(DATA TO USE begins)

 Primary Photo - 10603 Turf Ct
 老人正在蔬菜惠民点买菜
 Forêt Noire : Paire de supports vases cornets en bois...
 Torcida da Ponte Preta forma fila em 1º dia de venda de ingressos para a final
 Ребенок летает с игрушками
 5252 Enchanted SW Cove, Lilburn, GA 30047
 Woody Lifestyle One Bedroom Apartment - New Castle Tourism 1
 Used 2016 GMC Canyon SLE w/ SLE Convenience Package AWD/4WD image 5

(DATA TO USE ends)
(DATA TO USE begins)

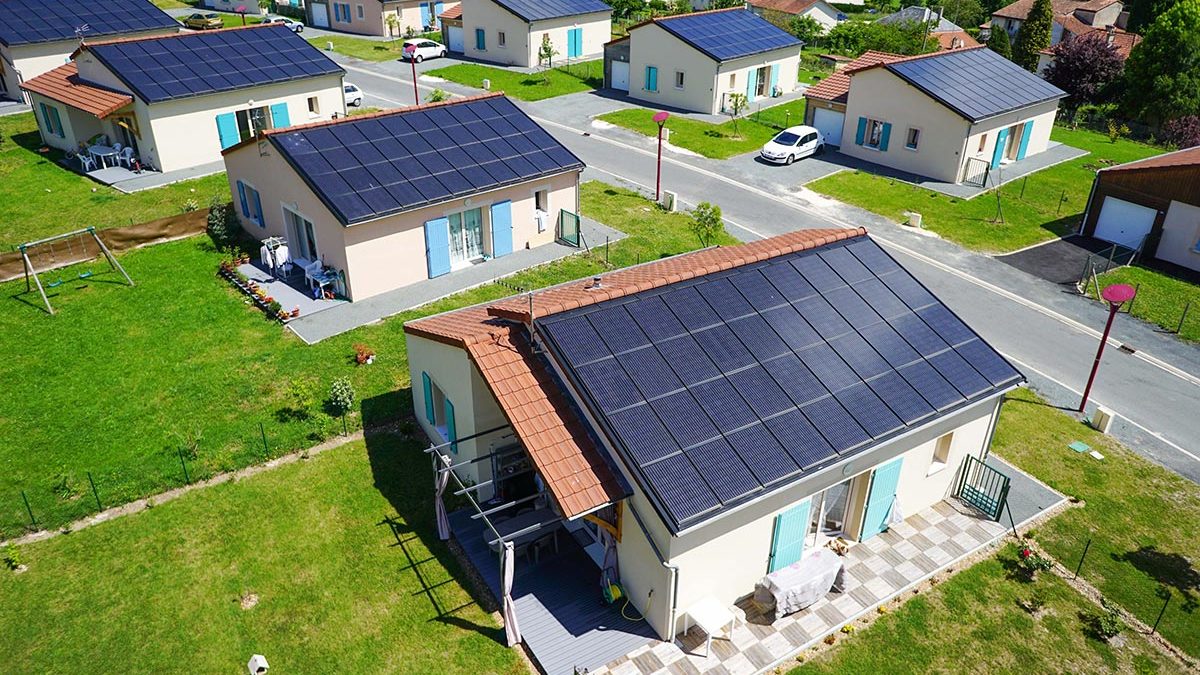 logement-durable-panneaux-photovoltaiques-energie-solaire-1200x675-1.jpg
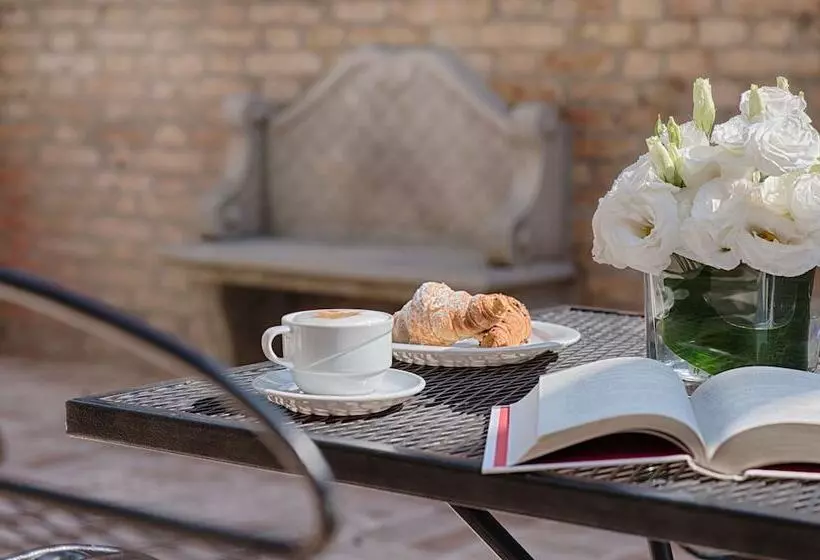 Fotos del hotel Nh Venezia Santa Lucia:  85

(DATA TO USE ends)
(DATA TO USE begins)

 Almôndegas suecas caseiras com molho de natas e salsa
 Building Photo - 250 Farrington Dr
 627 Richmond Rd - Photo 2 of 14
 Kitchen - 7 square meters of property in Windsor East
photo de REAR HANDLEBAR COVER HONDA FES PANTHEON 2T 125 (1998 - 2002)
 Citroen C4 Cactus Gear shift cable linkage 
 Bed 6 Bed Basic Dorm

(DATA TO USE ends)

__WHAT YOU NEED TO DO__. Reproduce only the lines above, starting at the line with "Forêt Noire : Paire" and ending at the line with "Used 2016 GMC", exactly as written.

__SOLUTION BELOW__.
 Forêt Noire : Paire de supports vases cornets en bois...
 Torcida da Ponte Preta forma fila em 1º dia de venda de ingressos para a final
 Ребенок летает с игрушками
 5252 Enchanted SW Cove, Lilburn, GA 30047
 Woody Lifestyle One Bedroom Apartment - New Castle Tourism 1
 Used 2016 GMC Canyon SLE w/ SLE Convenience Package AWD/4WD image 5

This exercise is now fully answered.